Interdisciplinary solutions for a just energy transition

“Current grand challenges – the pressing societal and scientific problems shaping research at the UFS and globally – require students and researchers to include computational approaches such as modelling, simulations, and large-scale data analysis,” says Dr Jacques Maritz, Head of the Unit for Engineering Sciences at the UFS.

“One such example is in merging social dynamics with energy paradigms – two seemingly different worlds, yet connected via scientific elegance,” says Dr Maritz. Energy decisions, such as shifting to renewables, are shaped by the behaviour of communities, governments, and industries. As a recent response to these challenges, ecological and nature-based engineering sciences at the UFS aim to integrate human activity into nature, while benefiting both via the merging of computation, ecological engineering sciences, nature-based solutions, and data-driven complexity science. 

The UFS’ pioneering project models these complex social-energy relationships to better understand how South Africa can sustainably and justly transition from fossil fuels to renewable energy. This interdisciplinary effort involves researchers and students from physics, sociology, engineering, data science, and mathematical modelling working together to map these interdependencies shaped by economic, political, cultural, and community forces.

For students such as Lurgasho Minnie, a final-year MSc Astrophysics student, this interdisciplinary exposure is transformative. “It has given me a new lens or perspective on approaching and solving problems in my field of research. By approaching challenges from an interdisciplinary point of view, new methods and techniques can be applied to solve challenging problems,” he says.

A crucial part of this research involves modelling dynamic social-energy networks using systems thinking, network analysis, and scenario planning. These tools help simulate interactions between government policies, community behaviour, environmental impacts, and technological innovations, allowing researchers to predict and plan for different future scenarios.

Students are actively shaping this work. The first set of social data was collected by UFS students on the Qwaqwa Campus, with training and support from the Centre for Global Change and Student Affairs. These data-gathering efforts are not only enriching the research but also building students' skills in real-world data collection and analysis.

“One of the study objectives is to inform the development of an awareness campaign about the complexities inherent in transitioning from a predominantly non-renewable to a renewable energy system, firstly aimed at UFS students but ultimately at the broader community,” explains Dr Nola Redelinghuys, Senior Lecturer in Sociology at the UFS.

The research team also hopes to help shape sustainable energy solutions for the university itself, with plans to create a renewable energy supply network that balances energy demand and renewable supply across the UFS campuses.

High-performance computing powering new insights 

At the heart of this initiative is the UFS High-Performance Computing (HPC) Unit, which enables researchers to run complex simulations and process vast data sets. The HPC is essential for solving problems that require immense computing power and data storage, and the UFS is making these resources accessible to a growing number of students – even those from non-computational disciplines.

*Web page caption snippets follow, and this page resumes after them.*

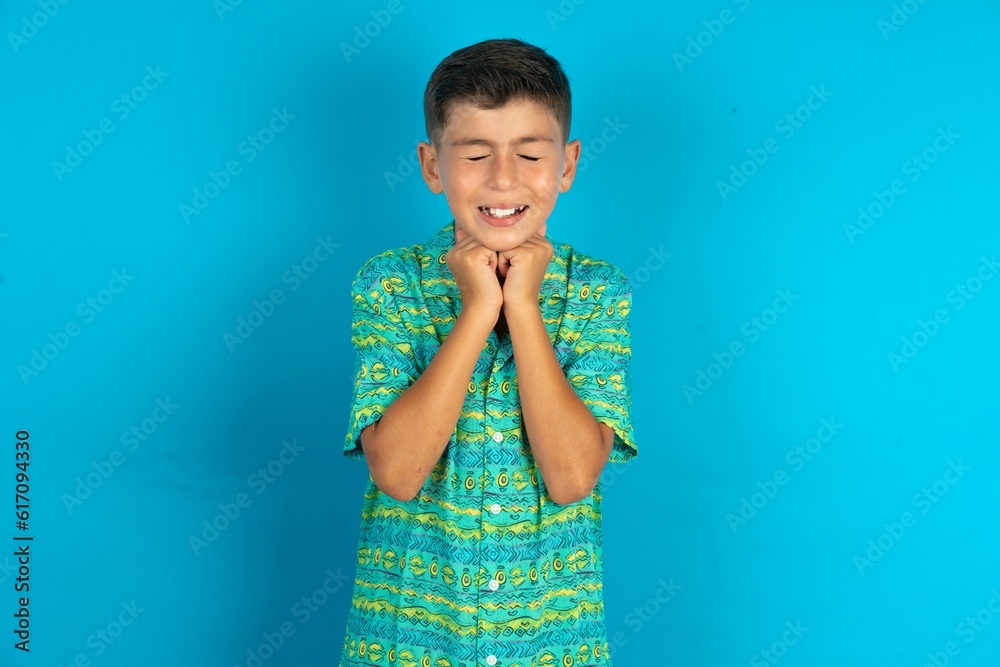Little hispanic boy wearing green aztec shirt grins joyfully, imagines something pleasant, copy space. Pleasant emotions concept. Little hispanic boy wearing green aztec shirt grins joyfully, imagines something pleasant, copy space. Pleasant emotions concept.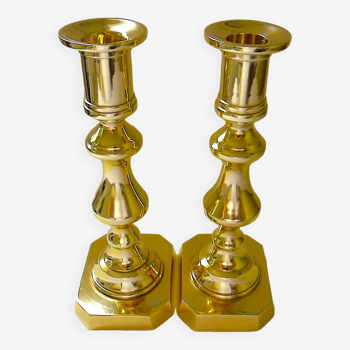 Pair of bronze torches with natural patina on a rectangular base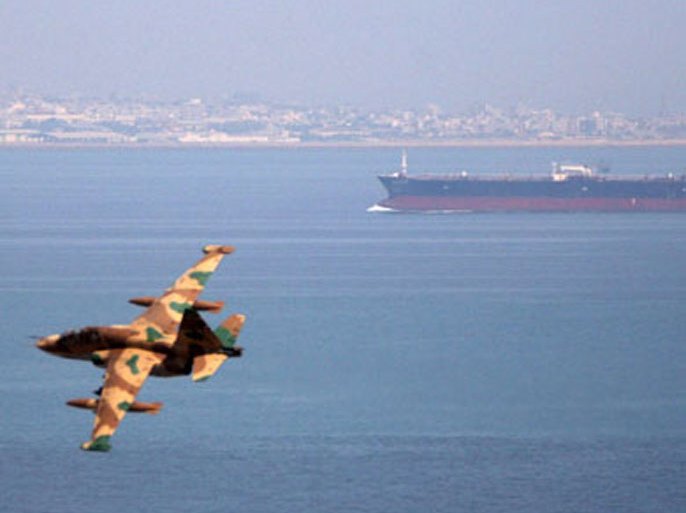 An Iranian military fighter plane flies past an oil tanker during naval manoeuvres in the Persian Gulf and Sea of Oman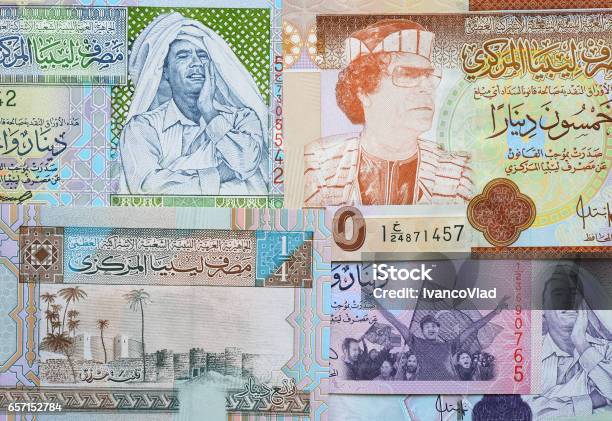 Concept Arab Spring Muammar Gaddafi On Libya 50 Dinar Banknote Stock Photo - Download Image Now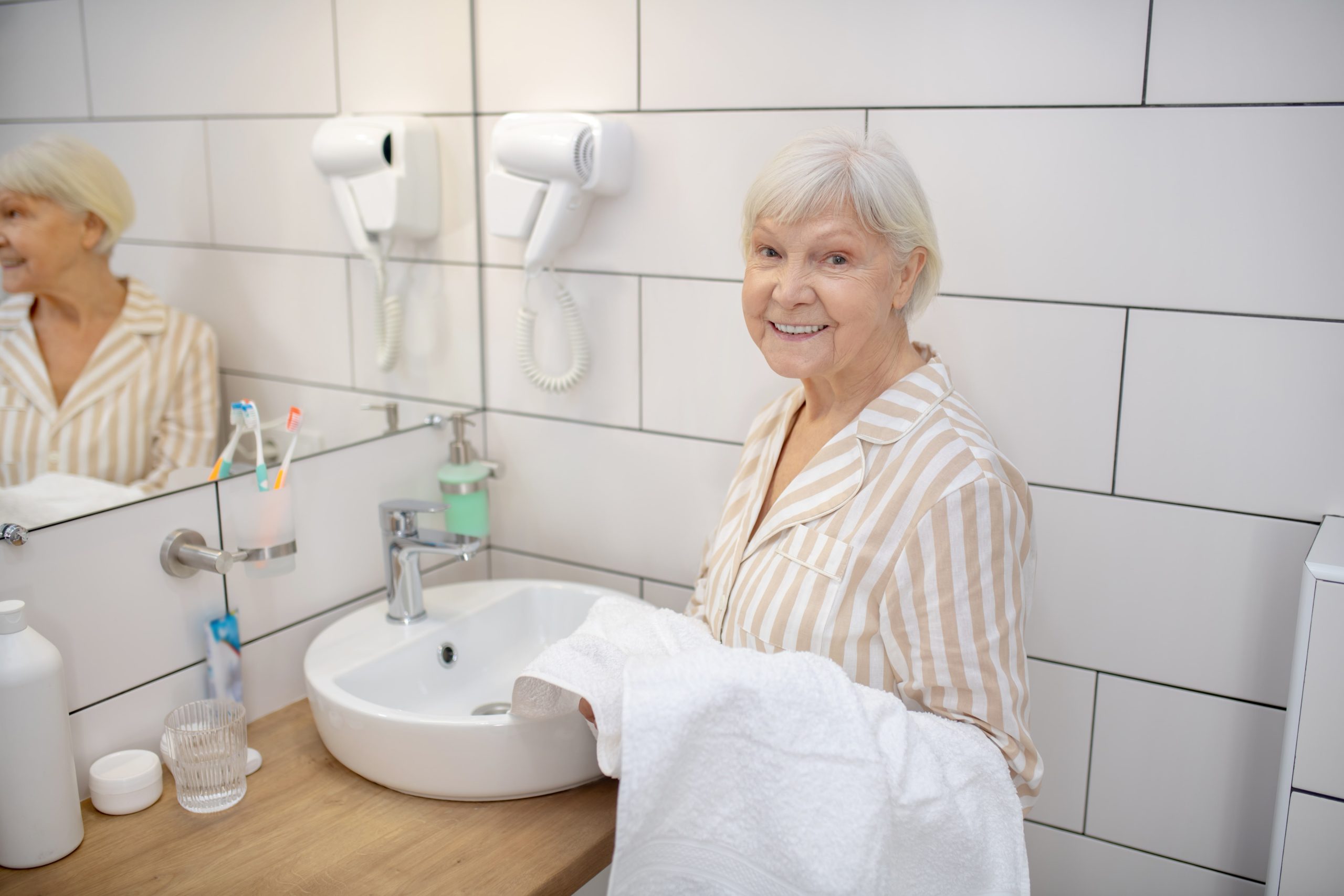 Femme mature aux cheveux gris se détend dans une salle de bain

“The eResearch and HPC team promotes the development of new skills and knowledge to harness the power of HPC and expand one’s technological abilities to solve problems. The HPC staff must first train a student or researcher to use the system effectively before using their toolsets. Thereafter, students can streamline or even automate specific processes by using a collection of more generic toolsets. Even if not using an HPC daily (or after entering the workforce), the HPC methodologies and toolsets they are exposed to often change how a person approaches future problem sets. Students using the HPC are more likely to share their experiences and are encouraged to assist other students in their department to lessen the burden of entry for newcomers. This broadens the collective knowledge within a department on their toolsets and how to use them effectively,” says Albert van Eck, Director of the UFS HPC.

The project is also laying the groundwork for partnerships with renewable energy companies, technology firms, NGOs, and development agencies. These collaborations will strengthen the UFS’ industry ties and create more work-integrated learning (WIL) opportunities for students.

As part of UFS Vision 130, this project advances academic excellence, societal impact, and inclusivity. By involving diverse staff and students from both the Bloemfontein and Qwaqwa Campuses, it demonstrates the university’s commitment to building a future-ready, skilled, and socially conscious graduate community prepared to tackle South Africa’s energy challenges.